Parmi les libertés de l’esprit, la liberté d’expression est l’une des plus emblématique. Elle peut être envisagée, par exemple, au travers de la liberté de la presse. Force est de constater la fluctuation des décisions en la matière, les unes faisant primer le principe de la liberté, les autres le restreignant, et ce dans la définition du cadre des crimes et délits commis par voie de presse.
Pour illustrer ce propos, il convient de présenter un arrêt récent[1] de la Cour de Cassation qui a récemment réaffirmé l’interdiction de rappeler des faits amnistiés, illustrant ainsi l’un des cas où la vérité, même prouvée, ne peut jamais être rapportée.
En l’espèce, ont été mis en ligne sur plusieurs sites internet, différents articles diffusant une ancienne coupure de presse du journal Le Petit Varois du 11 novembre 1965 relatant et précisant que les deux jeunes gens ayant « tenu la vedette » étaient « les nommés X… Patrick et Y… Alain à qui le soleil a un peu tourné la tête ». Le 5 décembre 2009, dans le numéro de Var-Matin, a été publié un article faisant état de ces informations circulant sur le Web, dans lequel il est expliqué que « les deux compères s’étaient fait remarquer durant ce fameux été 1965 pour une affaire de siphonage et plusieurs vols » et qu’ils avaient été condamnés par le tribunal correctionnel à un an de prison avec sursis et trois ans de mise à l’épreuve. L’un des deux « compères » en question, politicien, estimant ces propos attentatoires à son honneur et à sa considération a fait assigner la société Participation ouvrière Nice-Matin, ainsi que son directeur pour diffamation publique envers un particulier.
Si la cour d’appel de Paris a débouté le demandeur de ses prétentions, en accordant le bénéfice de la bonne foi aux auteurs de la diffamation et en affirmant qu’il était légitime, pour les journalistes, de rendre compte à leurs lecteurs d’un fait d’actualité, c’est par la position inverse que va répondre la Cour de Cassation saisie par le pourvoi formé par le demandeur.
Les juges du Quai de l’Horloge cassent l’arrêt de la cour d’appel, affirmant sans ambigüité que « si la circonstance que les écrits incriminés ont eu pour objet de porter à la connaissance du public les agissements dans leur jeunesse de deux hommes politiques peut justifier en cas de bonne foi de leur auteur, la diffamation, il ne saurait en être ainsi, sauf à violer les textes précités, lorsqu’elle consiste dans le rappel de condamnations amnistiées, lequel est interdit sous peine de sanction pénale ».
Si la bonne foi du diffamateur peut toujours lui permettre de s’exprimer librement (I), il en va autrement lorsque les faits dont il est question, sont des faits amnistiés (II).
I. La bonne foi : un gage de la liberté de la presse
Cette décision se distingue tout d’abord par le fait qu’elle contraste avec l’article 1er de la loi de 1881, qui pose le principe de la liberté d’expression par différents supports imprimés[2]. En effet, la liberté de la presse est une liberté majeure, « une liberté fondamentale d’autant plus précieuse que son exercice est l’une des garanties essentielles du respect des autres droits et libertés et de la souveraineté nationale »[3]. L’importance de cette liberté s’explique entre autres, par la difficulté de sa conquête, jalonnée de censures, de restrictions, et d’interdictions.
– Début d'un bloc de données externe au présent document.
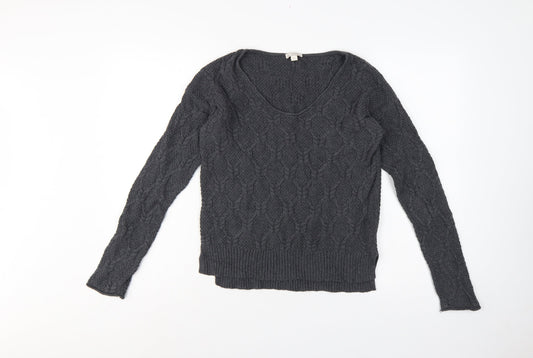 Gap Women Grey UK 12 Cable-Knit Scoop Neck Cotton Pullover Jumper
Il faudra attendre la grande loi de 1881 pour voir consacrée une véritable liberté de la presse.
Comme la majorité des principes, la liberté de la presse connait des exceptions. Ainsi, le chapitre 4 de la loi de 1881, réprime les « crimes et délits commis par la voie de la presse ou par tout autre moyen de publication », parmi lesquels se trouve la diffamation.
Cette dernière est soulevée en l’espèce par le demandeur. Elle est définie par l’article 29 de la loi de 1881[4], visé par la Cour de Cassation dans son arrêt, et nécessite pour sa constitution, l’allégation d’un fait précis et déterminé, fait qui porte atteinte à l’honneur, une victime identifiable, une intention coupable et une publicité.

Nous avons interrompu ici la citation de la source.